Investments of foreigners in treasuries began to fall from 2015 - to half a trillion from the maximum. The main reason is the sale of treasuries by oil exporters to stabilize the budget, exchange rate and capital outflow, in addition to this massive sales from China at the time of the formation of a hole in the financial account in the balance of payments.Together with the stabilization of prices for raw materials and the balance of payments in China, moderate purchases began in 2017.
But where foreigners invest regularly is corporate bonds and mortgage agency papers (in the last, almost $ 1 trillion was invested since 2011).
Now, as for the strengthening of the dollar from the end of 2014 to 2017. In connection with a record shortage of foreign investment (which by the way went into minus for the first time in history)
and on expectations of expanding the yield spread between dollar-denominated assets and the currencies of developed countries, the United States began a record repatriation of its foreign home investments.
They implemented over $ 200 billion annually, which is more than twice the crisis of 2009. There, this was short-term, fast, and since 2015, this is happening with a protracted effect.
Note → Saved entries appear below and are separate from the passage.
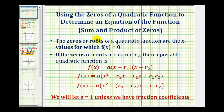Welcome back to part two of using the sum and product of the zeros of a quadratic function in order to determine an equation of a quadratic function. In part one, we made a connection between having the roots or zeros of the quadratic function and how that also gives us the factors of the quadratic function.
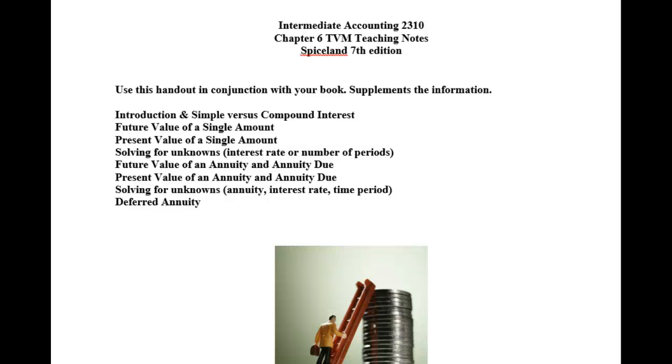Welcome back to my Time Value of Money series discussion using my teaching notes in conjunction with Chapter 6, the Spiceland Intermediate Book, 7th edition.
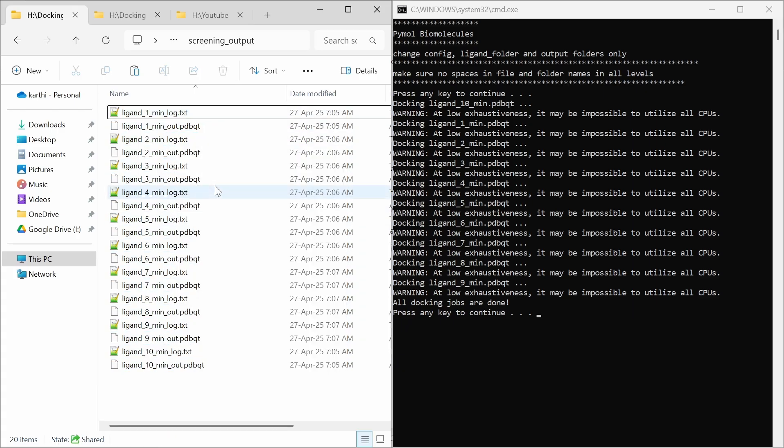You can see the log file and out file. That's all — thank you for watching.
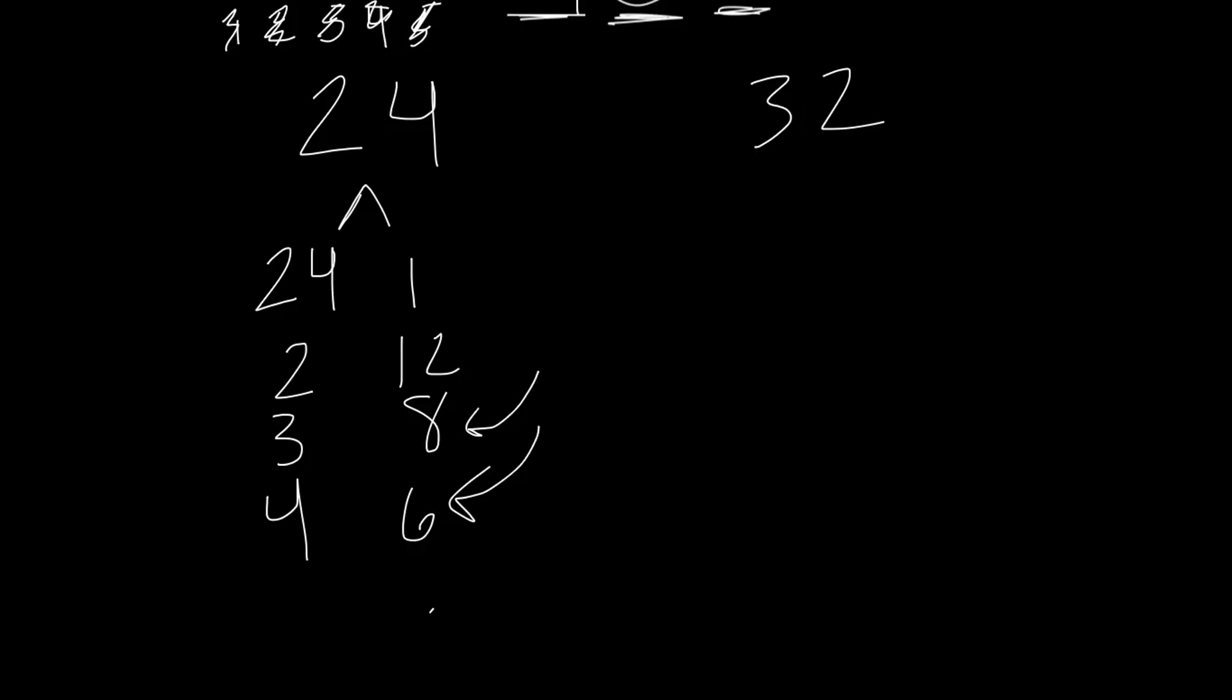9 doesn't go into 24; it goes into 27. 10 doesn't work, 11 doesn't work, and 12 we already got. Now once you get to the halfway point going up, there's no point going any further because you've already gotten halfway. Anything over that's going to be redundant; you've already gotten it once.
The tendency for Americans to sell foreign assets only ceased from April 2017.
In general, there is a certain normalization of capital flows (which was mentioned earlier in the analysis of the balance of payments). There are some discrepancies with the Treasury data due to the difference in classification and accounting, but global trends are similar.
4th quarter of 2017 should remain for the dollar.Historically, the dollar almost always strengthened in the 4th quarter, but the essence is different. Too long being in the zone of weakness is unacceptable in terms of maintaining the status of a reserve currency. Obviously, if you invest in treasuries at 2%, and the dollar goes down by 15% per year, then from the point of view of maintaining investment accounts, this is a disaster and, at least, will turn back to new investments. As a maximum, it can provoke a flight from dollar assets, which will further bring down the dollar.